L'ancien garde des Sceaux demande donc au chef de l'Etat "d'allouer un revenu minimum aux étudiants en situation de fragilité sociale, tout le temps où l'activité économique restera réduite" et de travailler avec les élus locaux à identifier "les locaux publics non utilisés" tels les gymnases pouvant permettre une reprise des cours. "Emmanuel, est-ce que vous oseriez regarder Heïdi droit dans les yeux et lui dire qu'un numéro vert et des psychologues dans les universités sont une réponse à la hauteur de sa détresse?", demande la maire du 7e arrondissement, en allusion à l'étudiante qui avait dit sa colère au chef de l'Etat la semaine dernière.

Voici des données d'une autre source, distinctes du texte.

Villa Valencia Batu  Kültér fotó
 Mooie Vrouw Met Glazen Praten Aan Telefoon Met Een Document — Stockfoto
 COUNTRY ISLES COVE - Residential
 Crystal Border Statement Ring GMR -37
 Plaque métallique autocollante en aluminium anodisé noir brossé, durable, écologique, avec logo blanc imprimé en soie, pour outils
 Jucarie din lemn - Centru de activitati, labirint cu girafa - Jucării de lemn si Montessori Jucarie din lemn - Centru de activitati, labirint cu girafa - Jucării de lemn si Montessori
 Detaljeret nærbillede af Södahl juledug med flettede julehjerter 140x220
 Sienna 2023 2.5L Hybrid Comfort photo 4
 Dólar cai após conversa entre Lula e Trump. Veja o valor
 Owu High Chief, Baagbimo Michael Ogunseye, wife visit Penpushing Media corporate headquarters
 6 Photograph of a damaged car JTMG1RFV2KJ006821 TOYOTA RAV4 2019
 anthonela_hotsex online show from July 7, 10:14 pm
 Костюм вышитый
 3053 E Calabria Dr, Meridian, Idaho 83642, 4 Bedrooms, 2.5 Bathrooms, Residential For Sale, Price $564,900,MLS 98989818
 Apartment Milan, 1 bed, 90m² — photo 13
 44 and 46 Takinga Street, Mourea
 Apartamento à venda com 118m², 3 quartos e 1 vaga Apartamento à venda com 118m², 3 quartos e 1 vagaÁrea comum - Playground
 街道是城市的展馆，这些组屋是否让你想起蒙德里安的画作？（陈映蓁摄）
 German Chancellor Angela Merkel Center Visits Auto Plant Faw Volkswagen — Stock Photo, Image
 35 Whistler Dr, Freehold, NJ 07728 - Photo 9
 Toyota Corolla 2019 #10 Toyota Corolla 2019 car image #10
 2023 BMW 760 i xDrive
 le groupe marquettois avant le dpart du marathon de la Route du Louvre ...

Le patron du PCF Fabien Roussel, qui compte participer à la manifestation des étudiants mercredi, avait déjà demandé dimanche sur France 3 "qu'ils puissent tous retourner en fac ou dans leurs écoles, même de manière intermittente en demi-classe". "Ces jeunes en grande détresse sont les forces vives qui devront relever le pays. Si nous les sacrifions aujourd'hui, la France se retrouvera démunie pour se reconstruire demain", avait pour sa part affirmé le patron de l'UDI Jean-Christophe Lagarde dans une tribune au JDD, en demandant "que tous les étudiants, sans exception, puissent retourner au plus vite sur les bancs des universités".